Authors: Leon René Sütfeld,Flemming Brieger,Holger Finger,Sonja Füllhase,Gordon Pipa
ArXiv: 1806.10064
Document:
PDF
DOI
Abstract URL: http://arxiv.org/abs/1806.10064v1
The most widely used activation functions in current deep feed-forward neural
networks are rectified linear units (ReLU), and many alternatives have been
successfully applied, as well. However, none of the alternatives have managed
to consistently outperform the rest and there is no unified theory connecting
properties of the task and network with properties of activation functions for
most efficient training. A possible solution is to have the network learn its
preferred activation functions. In this work, we introduce Adaptive Blending
Units (ABUs), a trainable linear combination of a set of activation functions.

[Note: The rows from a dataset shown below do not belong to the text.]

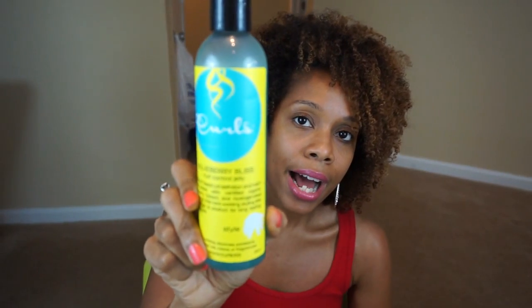The next items are by Curls. I got a set — on Saturday it was thirty dollars, but on Sunday they knocked it down to fifteen, and I'm so glad I only paid fifteen. The first product is their Blueberry Bliss Curl Control Jelly — I was not a fan. It was so drying to my hair; it really drew up my curls. I already have really curly hair, so that was rough. I'm going to try it with a different leave-in to see if that helps.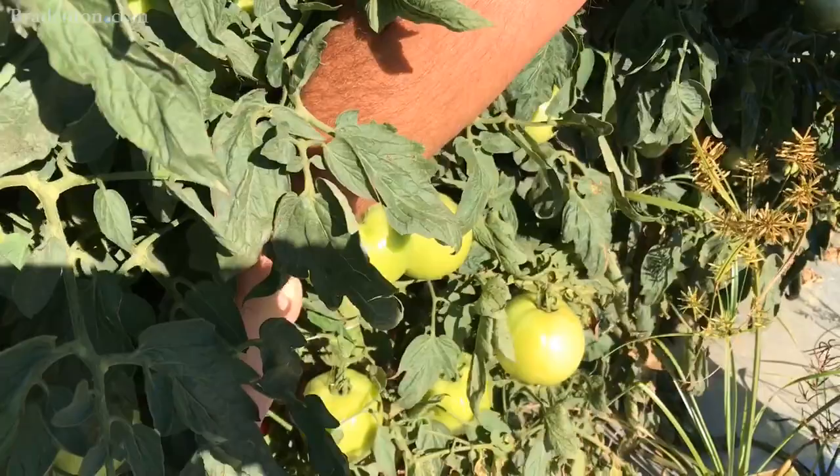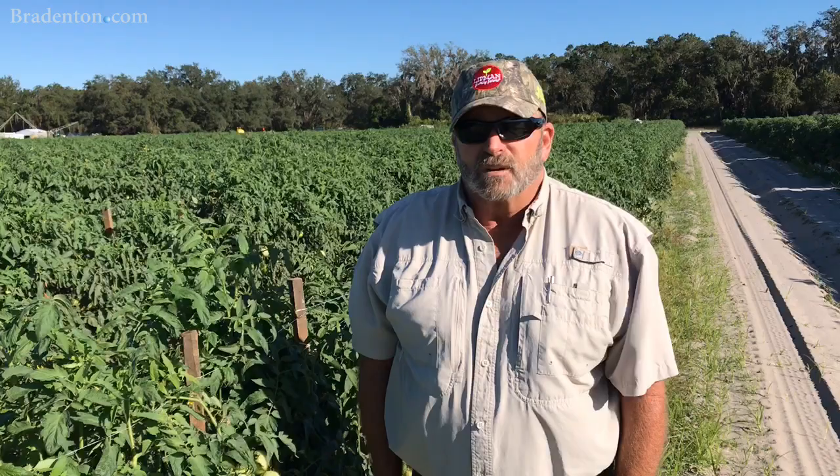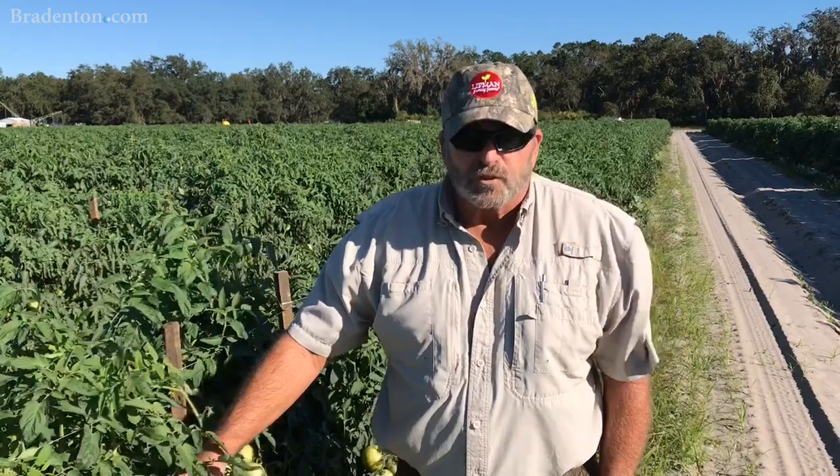These are a few days away from being ready to harvest. It's been a challenging crop cycle again due to weather and hurricane impact, but fortunately we've been able to produce a good crop.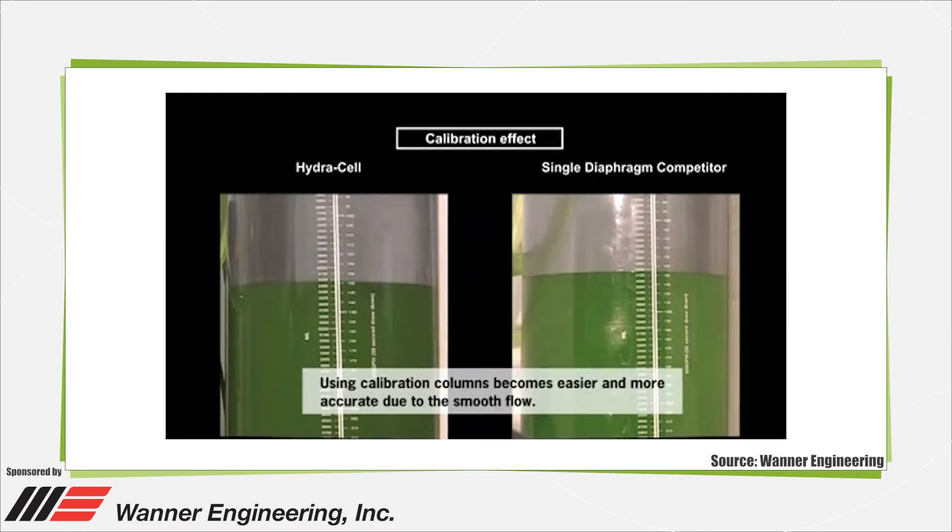This type of metering pump uses variable frequency drive electronic flow adjustment to maintain accuracy over the entire turndown range. This reduces the possibility of operator error, pumping inaccuracies, chance of leakage, and eliminates lost motion.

Since ABUs learn the shape, as well as the overall scaling of the activation
function, we also analyze the effects of adaptive scaling in common activation
functions. We experimentally demonstrate advantages of both adaptive scaling
and ABUs over common activation functions across a set of systematically varied
network specifications. We further show that adaptive scaling works by
mitigating covariate shifts during training, and that the observed advantages
in performance of ABUs likewise rely largely on the activation function's
ability to adapt over the course of training.